The aggregate result of that effort resides in two main bodies of work:  The Border Project: 1985-2007, and Juárez: Cartel War Years (2007-2012) .

 Berman lives and works deep in the borderlands of El Paso and Juárez, three blocks from the international bridge that connects Juarez and El Paso, surrounded by and isolated in the the vast lands of West Texas and northern Chihuahua. He refers to this as his “Beat in the City State of No Man’s Land.”

He continues to cover his “beat” for major publications throughout the world.

Additionally, Berman has worked as a Corporate/Industrial/Advertising photographer throughout his career, specializing in Corporate, Healthcare, and Industrial reportage for annual reports, publications and identity campaigns.

When asked if he sees a disparity between his corporate and photojournalistic pursuits, he replies, “It’s all story-telling. Some have more personal meaning, to me, than others. They’re all interesting.”

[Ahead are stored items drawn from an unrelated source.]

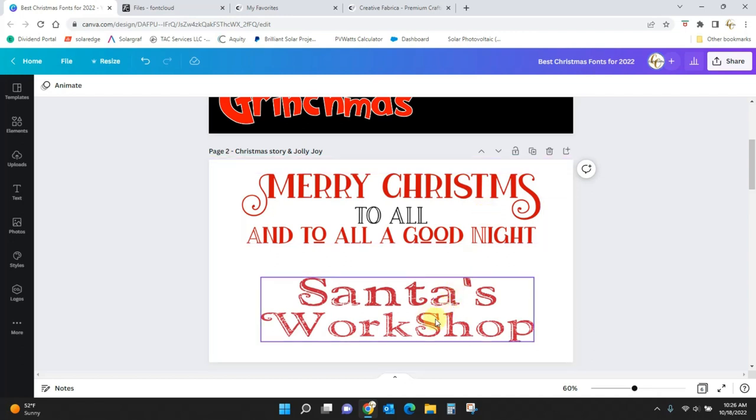This one would not be good for SVG files. It would not be good for machine cutting, but it's a fantastic print font.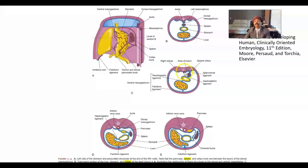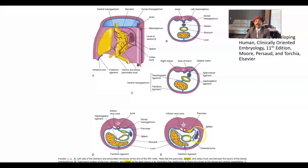The splenic artery is a branch from the ventral aspect of the abdominal aorta. It passes behind the omental bursa, and this is the location of the spleen.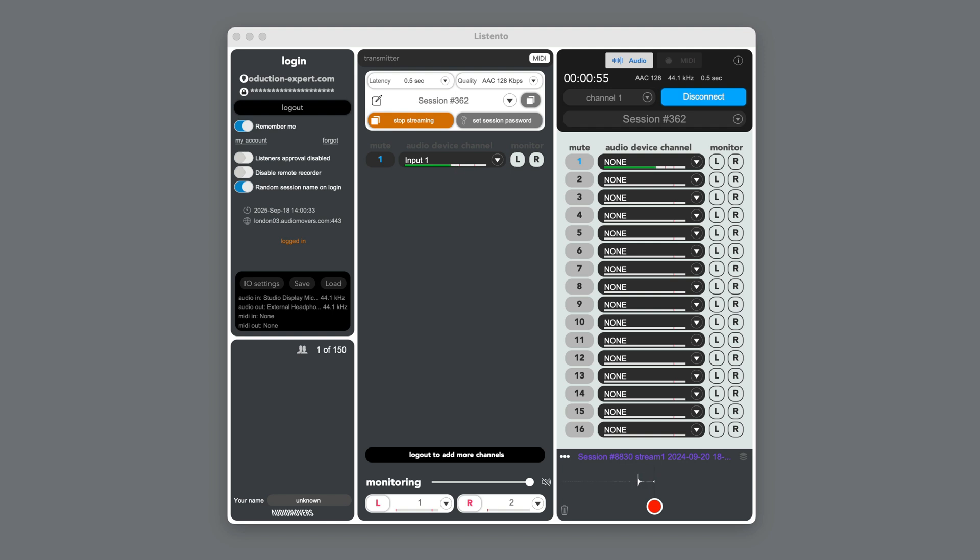Hi, it's Paul Maunder from Production Expert. Listen2 from Audio Movers is a real-time audio collaboration tool which allows audio to be streamed from your DAW over the internet in high quality to anywhere in the world.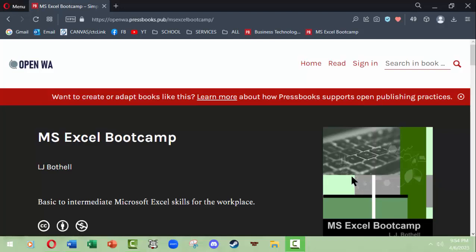Hello, this is LJ Boffel, and this video is to show you a little bit about the Microsoft Excel Bootcamp open educational resources book that has been published through Open Washington Pressbooks.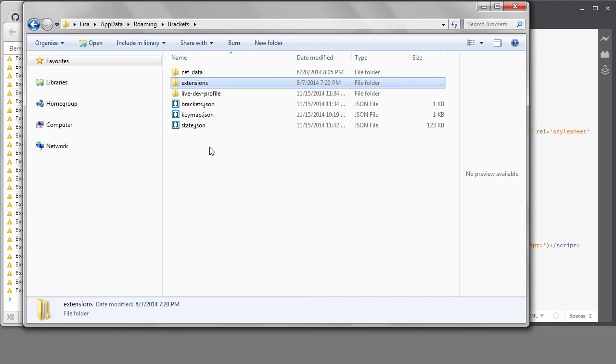We've already shown how to update your preferences and key mapping, but this is where the files are. If you ever want to go back to the original defaults of everything, you could delete these or rename these files. Sometimes that can help you resolve any problems as well.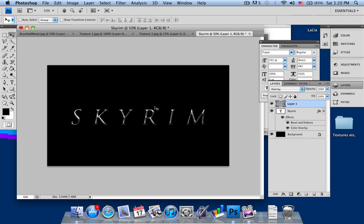This is my tutorial on how to do the Skyrim text effect. I hope you like it. I will provide links in the description below for the font, and thanks for watching. Be sure to subscribe to my channel, and thanks for watching.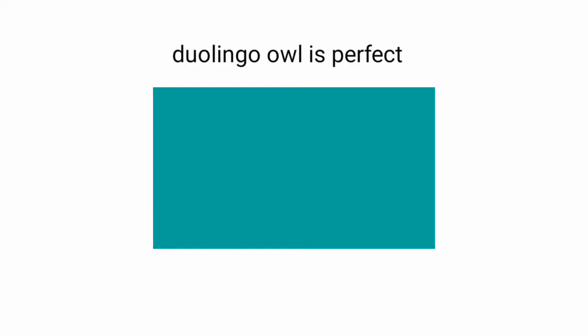Man, this app looks cool. Let me take a look at it. Duolingo Owl is perfect. Download it now for free.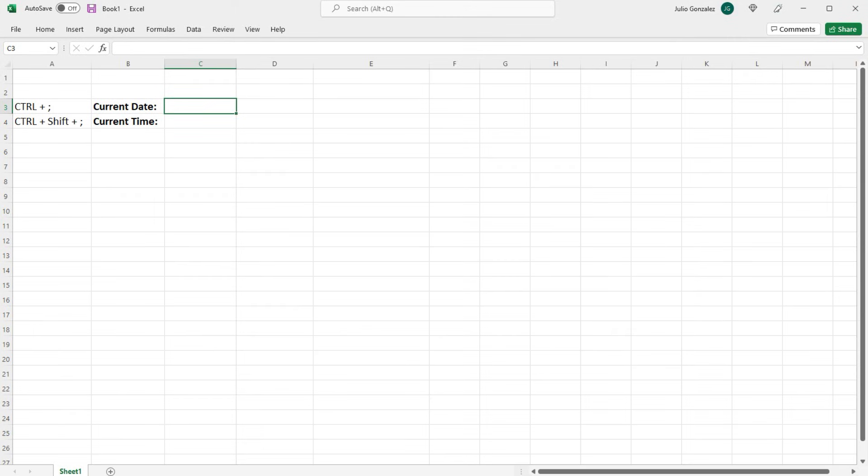In this lesson we're going to talk about how to quickly enter the current date and time in Excel.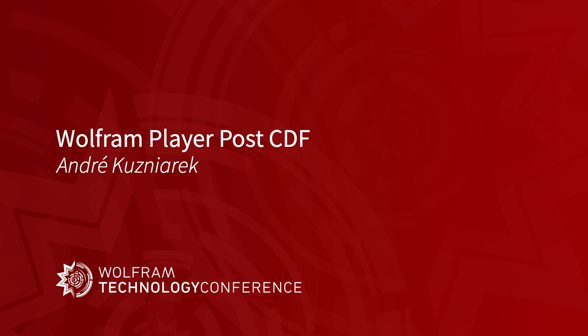Hi, I'm Andrei Kuzniarek, Executive Director at Wolfram Research for Document Systems. I'm here to give a talk on how we are doubling down on our notebook technology going forward and demonstrating all the features and deployment options that we have.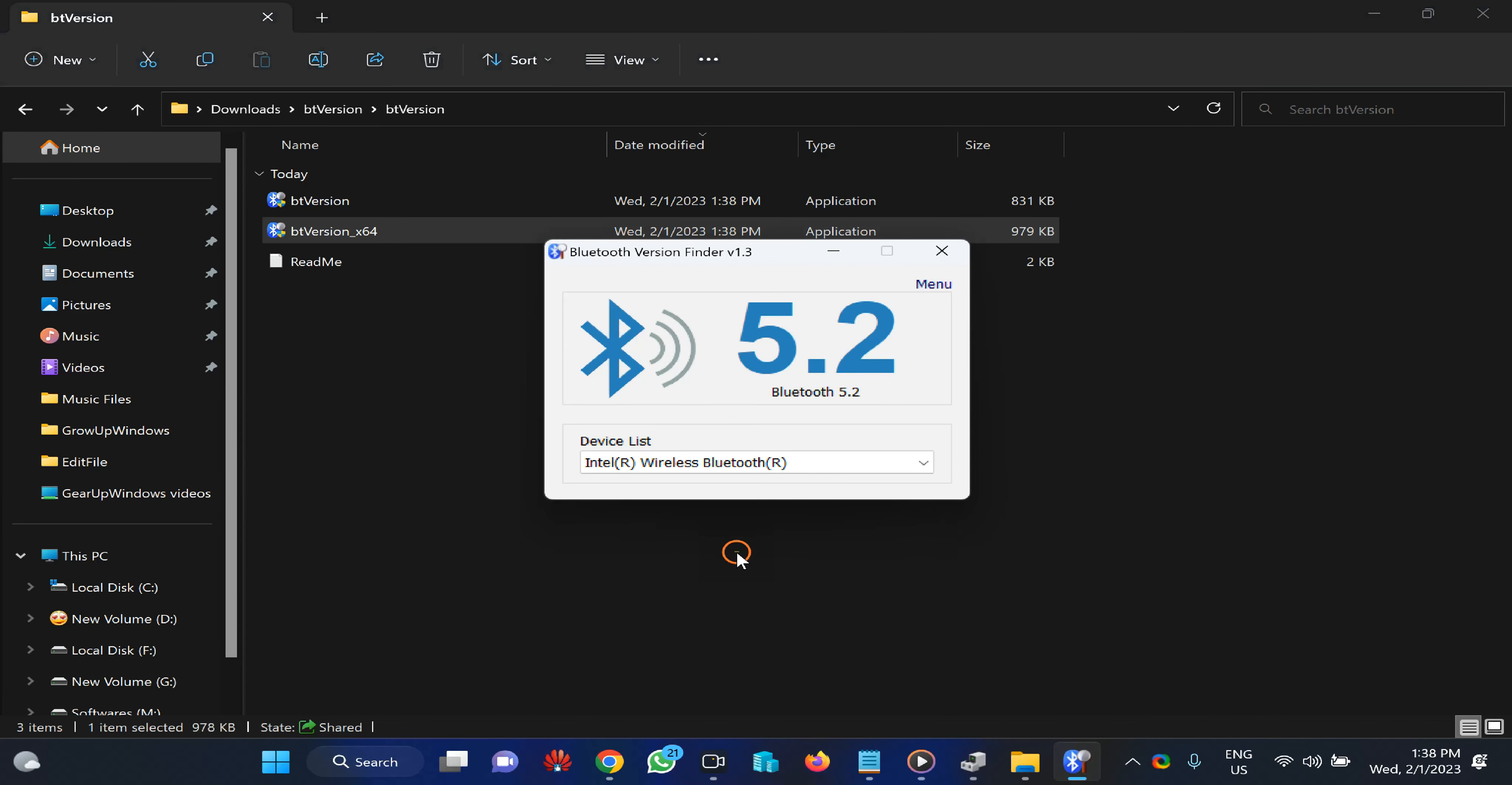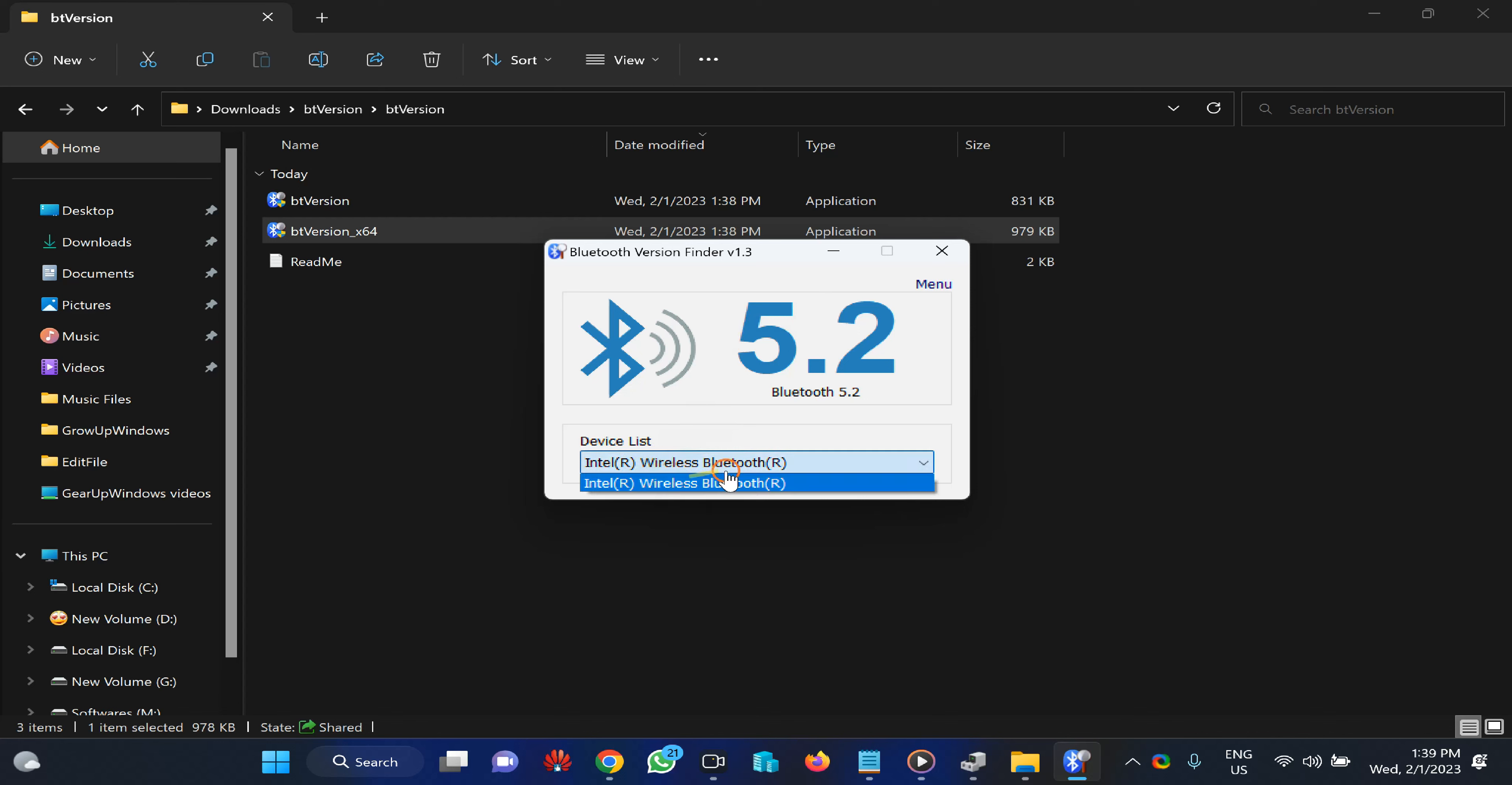Now you can see my Bluetooth version is 5.2 on my Windows 11 PC. If you have more than one Bluetooth adapter, click on the dropdown menu to see other Bluetooth adapter versions.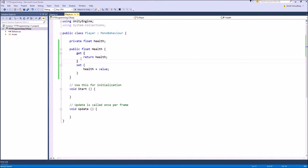The get accessor block controls what value the outside function will get from this variable. If they want to get the health value, this get code block will run and whatever you return after the return keyword is the actual value that any outside function will get. The set accessor controls how any value coming from outside, which is going to change your internal private variable health, will actually set that private variable.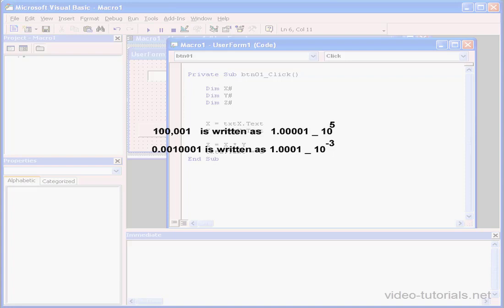Let's take a look at my second number. 0.00100001 is written as 1.0001 multiplied by 10 to the power of minus 3. In other words, the decimal point floats to the position after the first digit in both of these cases.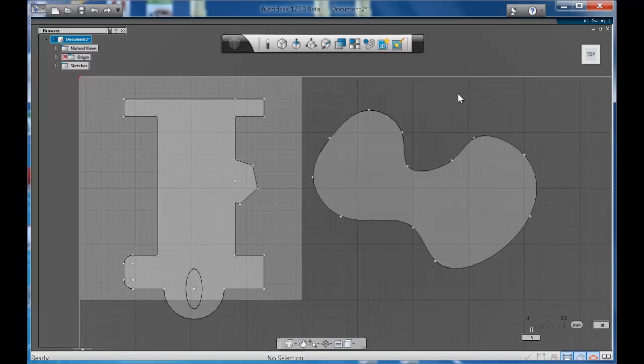There you have it. So have a play with the spline tool. It's quite fun just to create organic shapes.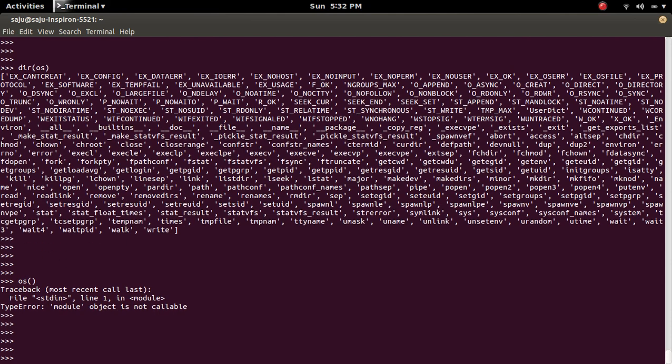So even if we try to add that double underscore call method in this module, we cannot invoke this module. Let me try this.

Lastly and with great pleasure, since 2008, Berman has added “teacher” to his name. He is now a tenured Associate Professor of photojournalism at New Mexico State University (NMSU), 40 miles north of the El Paso/ Juárez  ports of entry, in Las Cruces, NM. His teaching concentration is on Documentary Photojournalism and multimedia reporting.

In his documentary classes he states, “I want you to use documentary photography as an instrument of education -not self expression- so that you can matter in this world.”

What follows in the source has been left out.